• **THE PROBLEM**
Beginning with the line below that contains "Happy Birthday Definition Card" and ending with the line that contains "20 cicero is", retype every line exactly. Pictures are not copied.

** THE RECORDS follows **

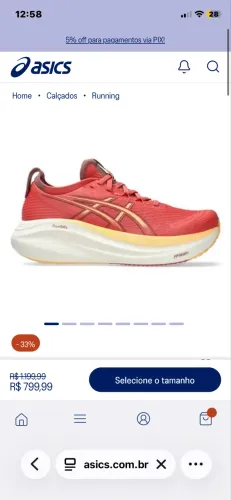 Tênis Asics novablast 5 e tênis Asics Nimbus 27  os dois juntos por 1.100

** End of THE RECORDS **
** THE RECORDS follows **

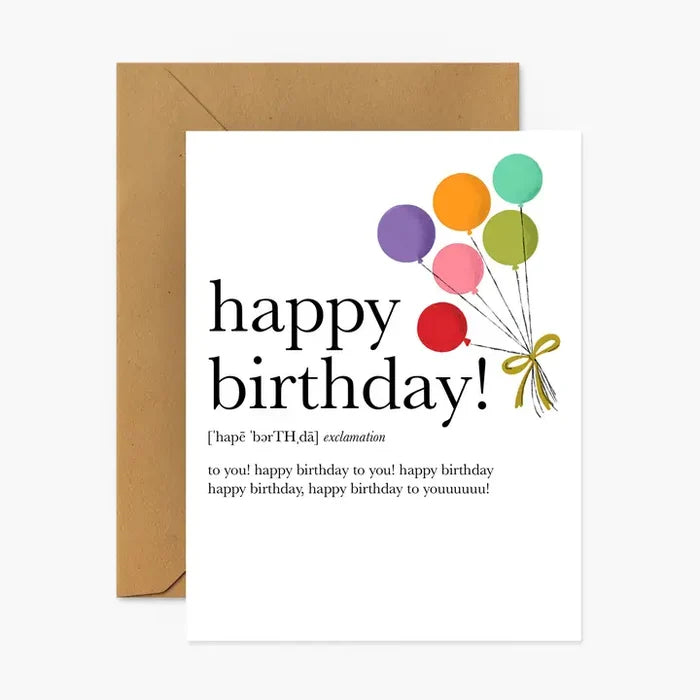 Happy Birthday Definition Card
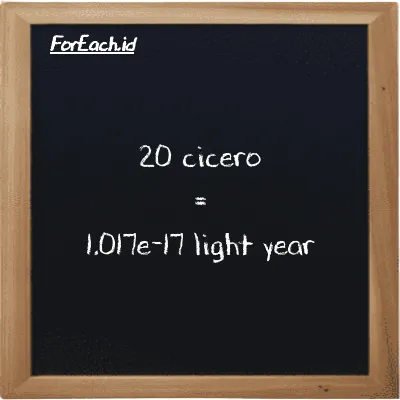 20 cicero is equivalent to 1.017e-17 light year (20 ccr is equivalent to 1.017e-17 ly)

** End of THE RECORDS **

• **SOLUTION TO THIS TASK**
 Happy Birthday Definition Card
 20 cicero is equivalent to 1.017e-17 light year (20 ccr is equivalent to 1.017e-17 ly)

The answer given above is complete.